Had a good tutorial with Rolf yesterday. It made me think about how important critical distance is, and how difficult that distance is when I am in the making process. This might well be at the heart of my wrestle with artistic research. Rather being ‘resistant’ to research as a form of rejecting the concept, I am finding it necessary to defer the critical distance – and therefore also the research aspects – of my work until I am well clear of its particular creative process. Can I be, do I want to be, both inside and outside of my processes at the same time?
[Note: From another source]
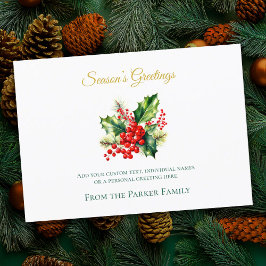 Carte Noël Holly Watercolor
Presenting my work to Rolf’s Research Inquiry students had some unexpected benefits – not least Rolf’s responses to seeing a broader range of pieces than I have presented in the research group. Another was being able to listen to myself (so I managed a bit of critical distance there then!). I planned to mention the names of the colleges I attended, however I explained in some depth Dartington’s unique Art & Social Context course. In the process of doing this it occurred to me that my education is quite different from artists of a similar age who studied more traditional fine art courses. In many ways Art & Social Context was a research based course – not that it was referred to as such, and I wonder if that is why I am somewhat perplexed by this new discipline – it is not ‘new’ to me! Throughout the course we gave account of and made claim for our practice and process, we communicated it within the field of interest and to those working in the wider community, we located it in cross-disciplinary and problem orientated activities. I might see if I can find anyone else who has re-thought what we did in the late eighties in the light of the more recent development of artistic research.

Yesterday I took a further step towards actually making something at Mejan! I used my ‘Heath Robinson’ lathe to cover the rough polystyrene forms in plaster. Working in the sculpture workshop in my old green overalls took me back to being at Dartington. Reflections on my time there seem to be very current!! I do enjoy sculptural processes – the hands-on-ness of it, the step-by-step-ness of it; I drew a shadow, which I then mirrored and traced, from this a template/profile was made, now I have a positive 3D form from which a negative (mould) form will be made so that I can make more positives. There is something about the backwards and forwards between positives and negatives that I find attractive about casting.